Would you be willing to pay $3 a day to drive on Highway 522 between Woodinville and Monroe if safety were improved on the dangerous stretch of road?
The SR 522 Community Highway Association thinks so.
The nonprofit group is negotiating with the state Department of Transportation on a $155 million project that would make the 10 1/2-mile stretch of highway the state's only toll road.
The proposed project is one of six under the state's innovative public-privatization program, created last year by the Legislature as a way to shift road maintenance and construction costs from taxpayers to the private sector.
Under the plan, Highway 522 would be expanded from two to four lanes, interchanges would be added, a second bridge would be constructed at the Snohomish River and two toll booths would be built.
Fees would be used to pay off construction bonds over 35 years and would cover maintenance during that time. After that, maintenance of the road would be returned to the DOT.
The DOT has said it probably wouldn't have enough money to make the same improvements to the highway for at least 15 years.
"We went this route because we're concerned about the safety of our families and neighbors," said Woodinville Mayor Lucy DeYoung, who heads the community group. "I don't think anyone is happy about tolls. But they're a tradeoff."
If all goes as planned, construction on the project could begin in the summer and be completed three years later, DeYoung said.
DOT statistics show that 41 deaths and 1,102 accidents have occurred on the winding stretch of highway since 1977.
Under the plan, toll booths would be built near Paradise Lake Road and near the 164th Street Southeast exit.
Studies show about 20,000 cars per day would travel through the west toll booth at Paradise Lake Road; 15,000 people per day would use the east toll booth.
Proposals call for 75-cent fees at each booth. A round trip that called for passing through each booth twice would cost $3.
Drivers could use a portion of the road and pay nothing if they didn't pass through either toll booth.
Dick Carr, president of Interwest Management of Phoenix and adviser on the project, said traffic will be funneled into two areas at the booths.
One would be for people who have paid into a special toll account in advance. They would have a transponder - an electronic device slightly bigger than a credit card - on the dashboard of their car. It would emit a signal that debits the account each time they pass the booths.
The other area would be for people paying a one-time fee.

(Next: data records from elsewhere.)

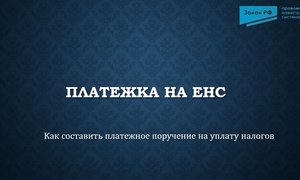 Платежка на ЕНС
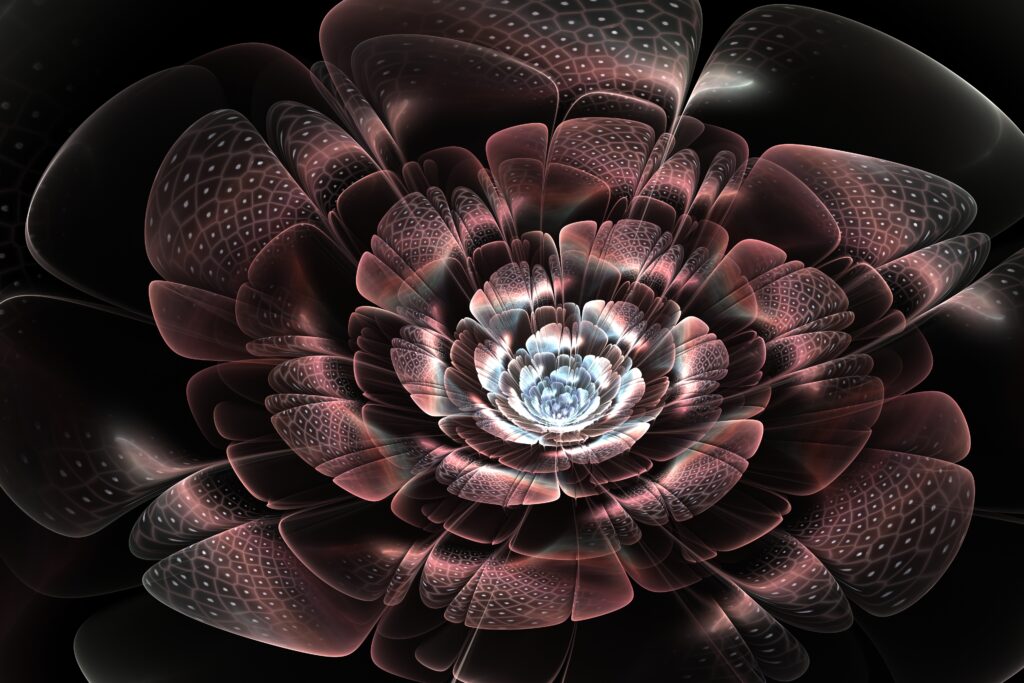 Exquisite Abstract Flower Wallpaper: Translucent Petals & Dark Background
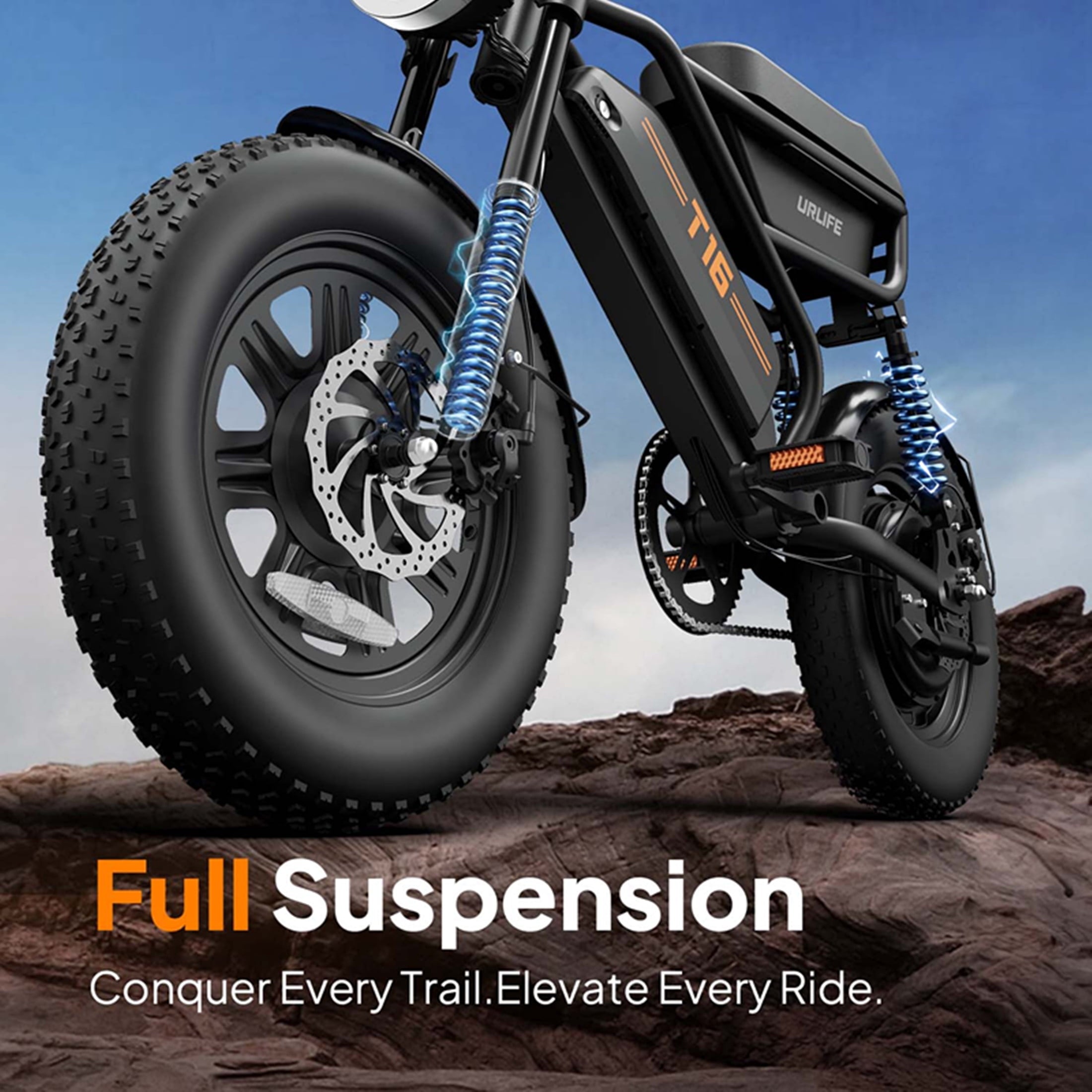 URLIFE 16*3.0 Fat Tire Electric Bike for Adult, 1000W Peak Motor, 48V 13Hh Removable Battery, Up to 28MPH 80Miles Range, Electric Dirt/Mountain Bike-UL2849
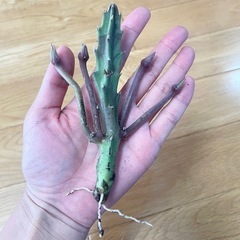 多肉植物 スタペリア2つの画像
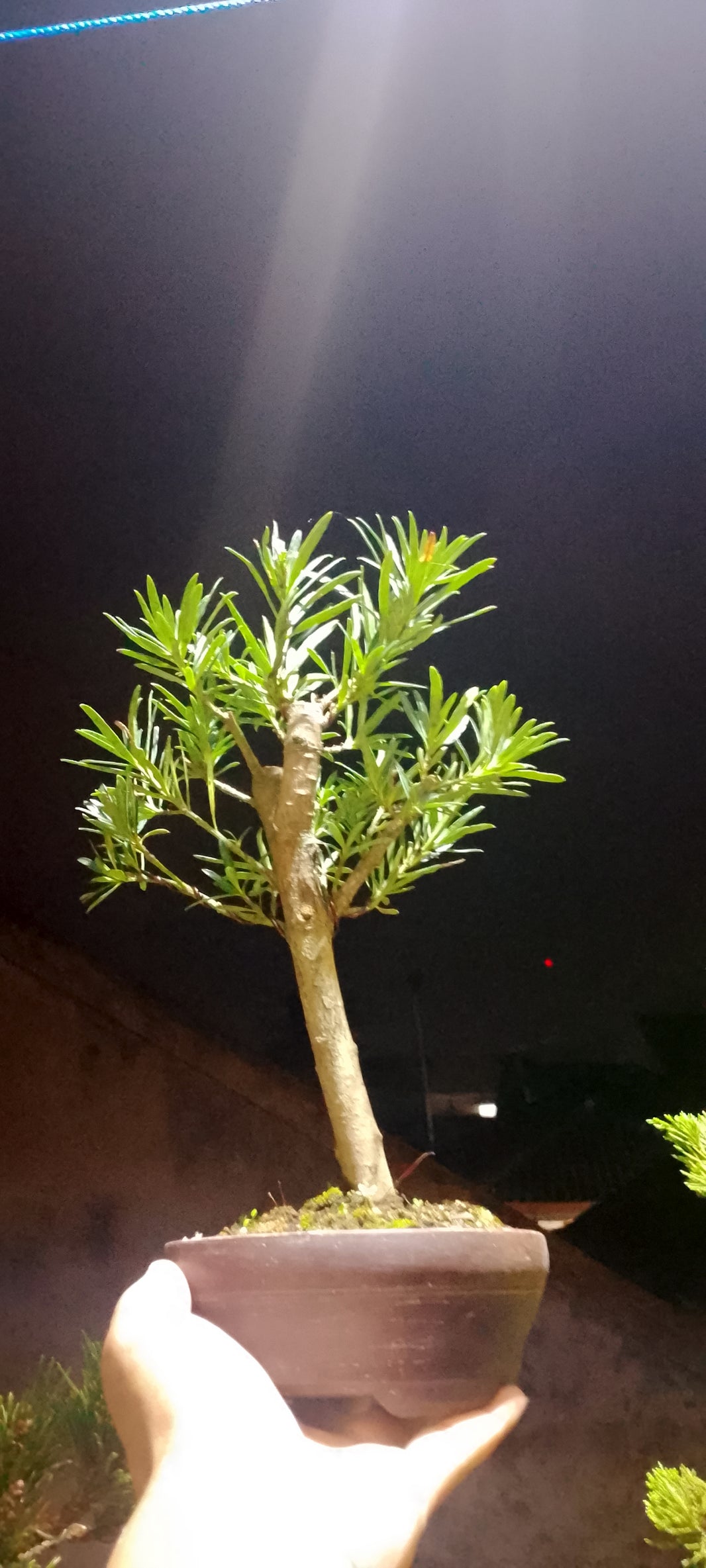 Bonsai lohansung (Risman Arisandi)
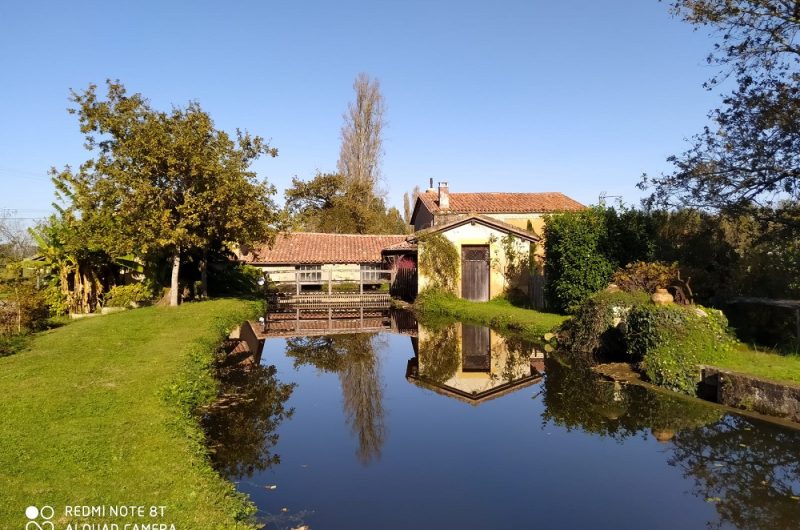 2022_EYR_Moulin 018©M. Guerrero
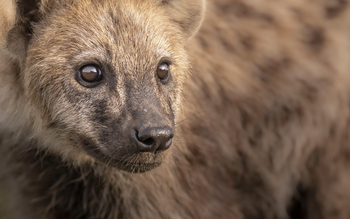 Little Governors' Camp: Junge Hyäne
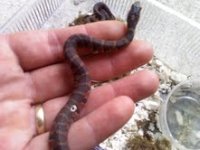 watersnakes2.jpg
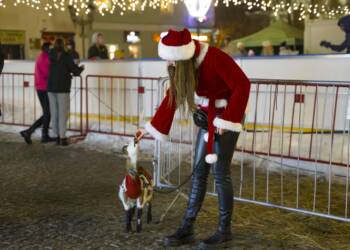 dsc05798 2023 12 16 230459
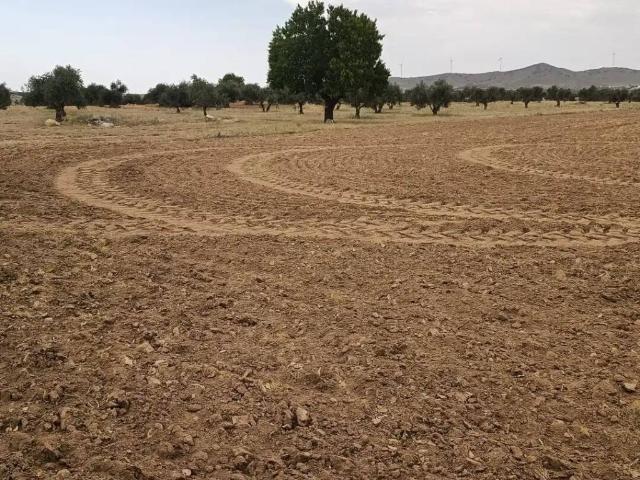Terreno en venta en Nambroca, Castilla-La Mancha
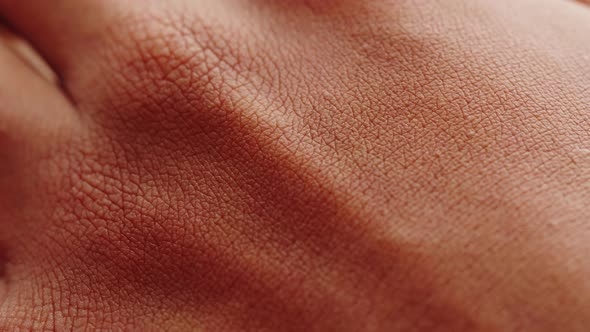 Black Skin Texture Closeup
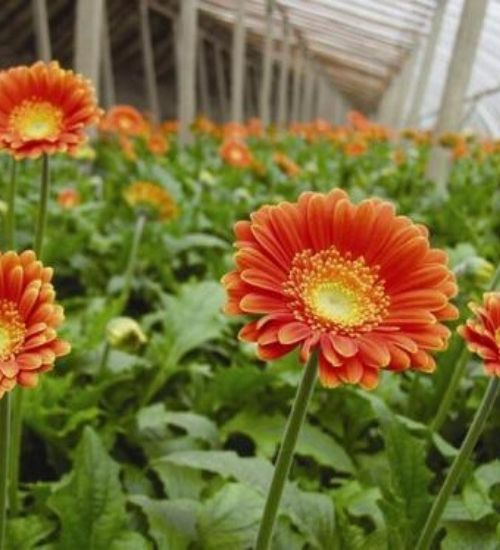 oxygen-plant-gerbera-daisy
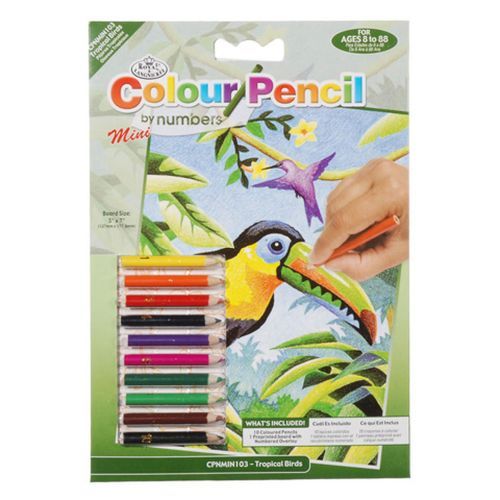 ROYAL LANGNICKEL ART Tropical Birds Colour Pencil By Numbers - CRAFT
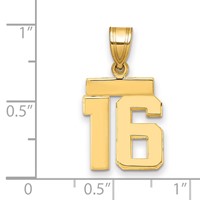 14K Yellow Gold Small Polished Number 16 Charm view 3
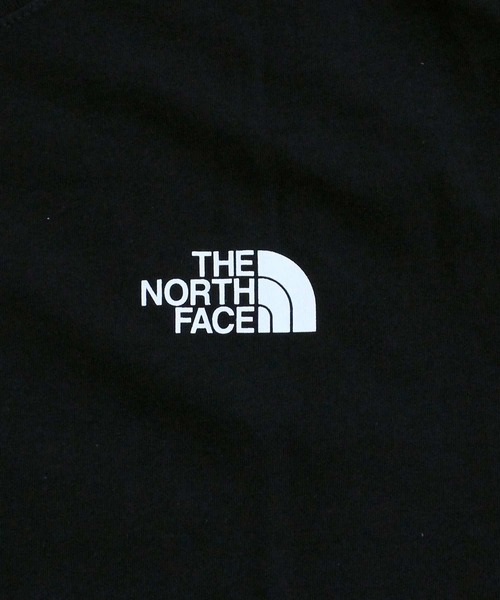 THE NORTH FACE(ザノースフェイス)の「エボリューション グラフィック バックプリント 半袖Tシャツ M EVOLUTION SHORT SLEEVE TEE- GRAPHIC(Tシャツ/カットソー・メンズ・ブラック/ホワイト系・XL/L/M)」の15枚目の写真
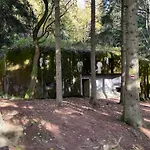 - Dovolená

Monroe Mayor Gordon Tjerne said he favors the idea but points out residents of the city are beginning to express disapproval in letters and phone calls to City Hall.
Residents will have an opportunity to speak at public hearings conducted by the Puget Sound Regional Transportation Council, whose approval is required before the project can move forward.
That process is expected to begin in January, following the conclusion of negotiations between the DOT and the community association.
Residents will have more chances to speak out after that during preparation of an environmental-impact study that will amend a previous EIS that included road expansion, but not the toll booths.